_Exercise description:_ Every record must be repeated precisely as it stands.

_Dataset entries:_
==*==

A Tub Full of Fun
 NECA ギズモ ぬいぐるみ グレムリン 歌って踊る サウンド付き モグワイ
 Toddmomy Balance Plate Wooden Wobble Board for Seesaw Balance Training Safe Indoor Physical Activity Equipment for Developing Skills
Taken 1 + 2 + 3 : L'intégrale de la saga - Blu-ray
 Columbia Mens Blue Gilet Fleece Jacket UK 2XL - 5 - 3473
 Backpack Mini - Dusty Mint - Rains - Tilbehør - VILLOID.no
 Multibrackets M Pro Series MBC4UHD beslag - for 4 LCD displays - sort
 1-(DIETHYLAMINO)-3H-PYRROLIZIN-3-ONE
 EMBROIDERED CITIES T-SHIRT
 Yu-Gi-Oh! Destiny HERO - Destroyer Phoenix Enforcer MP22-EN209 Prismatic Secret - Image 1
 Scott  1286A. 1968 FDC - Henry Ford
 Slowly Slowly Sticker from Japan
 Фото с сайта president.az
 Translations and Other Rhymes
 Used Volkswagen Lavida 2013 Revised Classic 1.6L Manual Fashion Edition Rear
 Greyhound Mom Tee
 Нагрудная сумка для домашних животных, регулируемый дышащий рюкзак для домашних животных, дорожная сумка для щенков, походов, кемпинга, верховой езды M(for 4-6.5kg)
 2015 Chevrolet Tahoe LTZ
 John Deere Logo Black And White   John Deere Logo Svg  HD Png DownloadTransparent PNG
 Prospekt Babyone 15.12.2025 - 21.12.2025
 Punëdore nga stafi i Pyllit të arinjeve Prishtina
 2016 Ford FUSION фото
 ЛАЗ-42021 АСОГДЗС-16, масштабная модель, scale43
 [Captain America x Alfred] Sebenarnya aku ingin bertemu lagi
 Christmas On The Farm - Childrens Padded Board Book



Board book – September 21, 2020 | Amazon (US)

==*==

_Exercise result:_
A Tub Full of Fun
 NECA ギズモ ぬいぐるみ グレムリン 歌って踊る サウンド付き モグワイ
 Toddmomy Balance Plate Wooden Wobble Board for Seesaw Balance Training Safe Indoor Physical Activity Equipment for Developing Skills
Taken 1 + 2 + 3 : L'intégrale de la saga - Blu-ray
 Columbia Mens Blue Gilet Fleece Jacket UK 2XL - 5 - 3473
 Backpack Mini - Dusty Mint - Rains - Tilbehør - VILLOID.no
 Multibrackets M Pro Series MBC4UHD beslag - for 4 LCD displays - sort
 1-(DIETHYLAMINO)-3H-PYRROLIZIN-3-ONE
 EMBROIDERED CITIES T-SHIRT
 Yu-Gi-Oh! Destiny HERO - Destroyer Phoenix Enforcer MP22-EN209 Prismatic Secret - Image 1
 Scott  1286A. 1968 FDC - Henry Ford
 Slowly Slowly Sticker from Japan
 Фото с сайта president.az
 Translations and Other Rhymes
 Used Volkswagen Lavida 2013 Revised Classic 1.6L Manual Fashion Edition Rear
 Greyhound Mom Tee
 Нагрудная сумка для домашних животных, регулируемый дышащий рюкзак для домашних животных, дорожная сумка для щенков, походов, кемпинга, верховой езды M(for 4-6.5kg)
 2015 Chevrolet Tahoe LTZ
 John Deere Logo Black And White   John Deere Logo Svg  HD Png DownloadTransparent PNG
 Prospekt Babyone 15.12.2025 - 21.12.2025
 Punëdore nga stafi i Pyllit të arinjeve Prishtina
 2016 Ford FUSION фото
 ЛАЗ-42021 АСОГДЗС-16, масштабная модель, scale43
 [Captain America x Alfred] Sebenarnya aku ingin bertemu lagi
 Christmas On The Farm - Childrens Padded Board Book



Board book – September 21, 2020 | Amazon (US)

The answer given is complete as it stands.